Ces annonces ont suscité l'intérêt sur les marchés, au point que l'échange du titre a dû être temporairement suspendu à l'ouverture jeudi. «Il y a eu beaucoup plus de demandes à l'achat que d'offres à la vente, c'était une suspension d'ordre technique», précise Jesus Martin-Garcia, le patron de GeNeuro. L'entreprise compte notamment parmi ses actionnaires l'Institut Mérieux et le laboratoire pharmaceutique français Servier. Pour l'année 2020, GeNeuro a présenté une perte nette de 8,9 millions d'euros (9,8 millions de francs).

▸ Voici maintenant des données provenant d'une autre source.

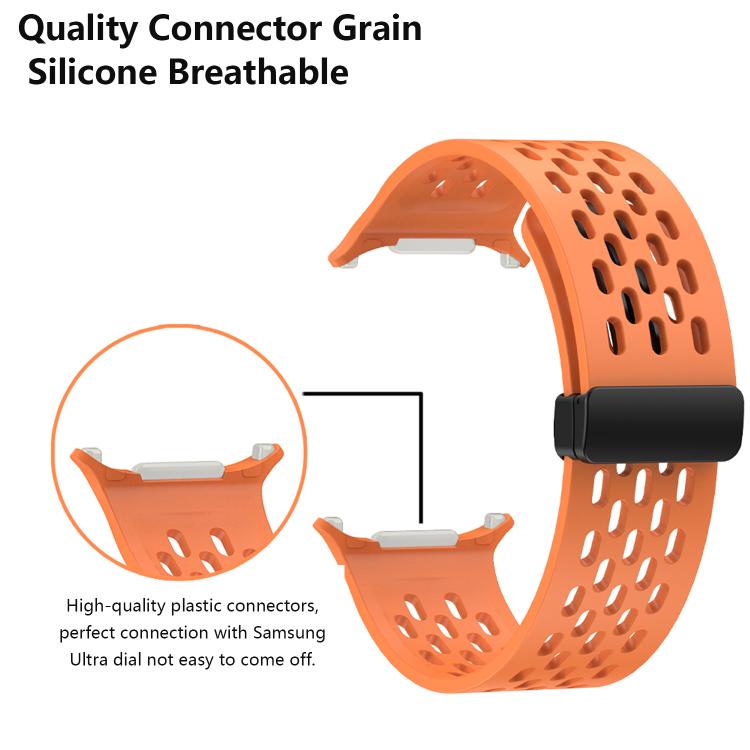 For Samsung Galaxy Watch Ultra 47mm Kalebol Porous Silicone Magnetic Watch Band(Yellow)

Face à cet emballement, Jesus Martin-Garcia reste prudent: «Cette protéine joue certainement un rôle d'accélérant, mais nous ne connaissons pas le poids de cette contribution par rapport aux autres facteurs en jeu. Il faudra le déterminer cliniquement.» GeNeuro a prévu de lancer deux essais cliniques autour du temelimab cet été. «Nous avons commencé les discussions avec plusieurs centres médicaux en Europe et aux Etats-Unis», indique Jesus Martin-Garcia. Deux applications doivent être étudiées.
Neutraliser les syndromes post-covid
La première concerne l'utilisation du traitement pour prévenir le développement des formes aiguës du covid. La seconde doit se pencher sur son utilisation pour le traitement des formes dites longues de la maladie et les atteintes neurologiques qui y sont associées. «L'étude montre que chez environ 20% des patients le SARS-CoV-2 pousse à l'expression de cette protéine. Il est possible que, comme dans certaines maladies neurodégénératives à long cours, la protéine atteigne un niveau d'expression chronique même en l'absence du virus chez certains patients, détaille Jesus Martin-Garcia. Si c'est le cas, on pourrait peut-être neutraliser ces syndromes post-covid.»

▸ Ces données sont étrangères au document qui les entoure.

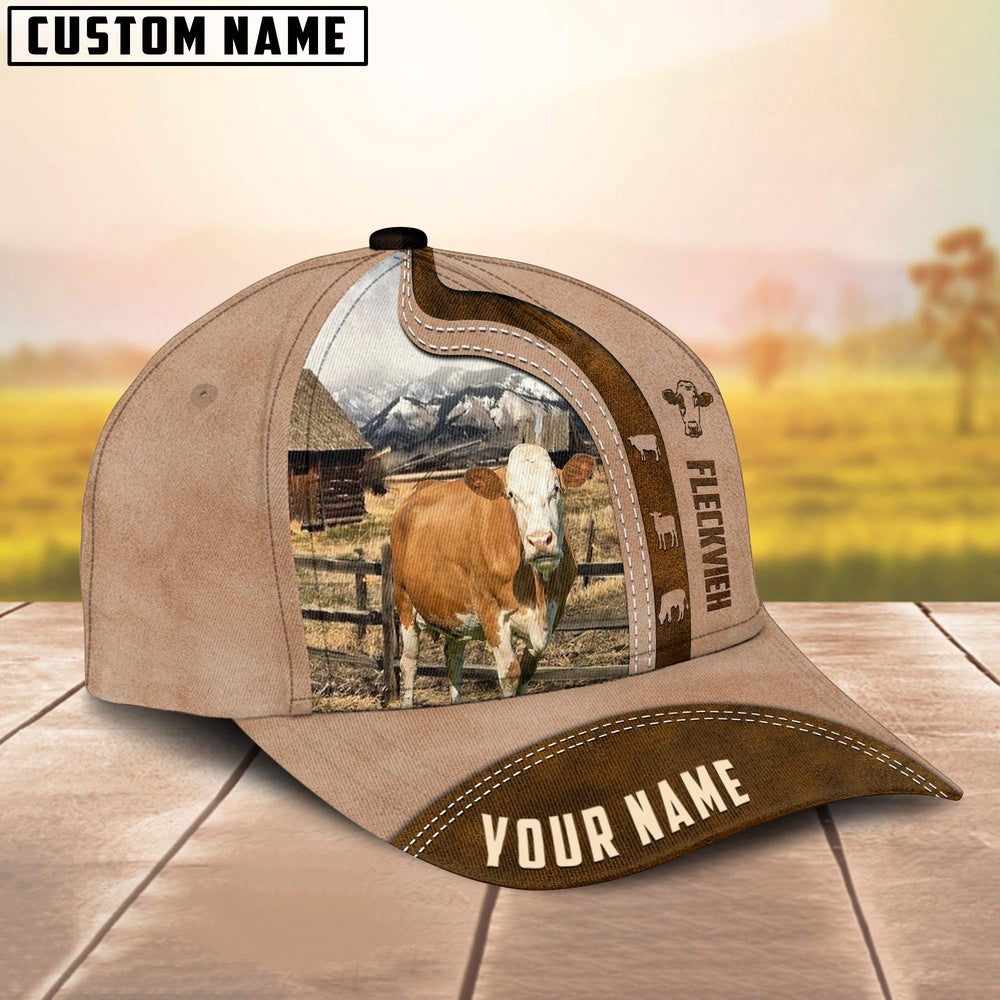 Custom Name Fleckvieh Cattle Light Brown Cap, Farmer Cap, Vintage Farmer Hat, Mens Farmer Hats, Cap For Farmers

Il reste aujourd'hui difficile d'estimer quand ces essais aboutiront. «Cela dépend de plusieurs facteurs, notamment la vitesse de recrutement des cohortes de patients atteints du covid long. Celles-ci sont seulement en train de s'organiser», souligne Jesus Martin-Garcia, qui espère pouvoir présenter de premiers résultats d'ici au premier trimestre de l'année prochaine. «La bonne nouvelle, c'est que notre anticorps est très bien toléré, affirme le patron de GeNeuro. Nous avons traité plus de 200 patients atteints de SEP pendant deux ans et le profil des effets secondaires est restreint.»

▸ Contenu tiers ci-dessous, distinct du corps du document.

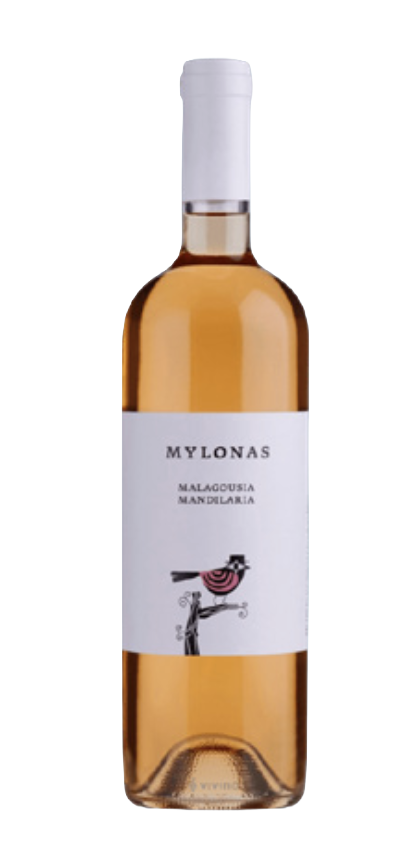 A bottle of Mylonas Malagousia Greek wine with a white label and cap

Pour autant, l'entreprise, qui emploie actuellement 15 personnes, ne prévoit pas d'abandonner ou de mettre en pause ses autres programmes. «Nous continuons nos essais cliniques contre la SEP, et nous avons un partenariat avec le National Institutes of Health aux Etats-Unis sur la maladie de Charcot où nous avons montré qu'une autre protéine de rétrovirus endogène humain, l'HERV-K, pourrait avoir une influence dans la neurodégénérescence rapide des neurones moteurs dans cette maladie», précise Jesus Martin-Garcia.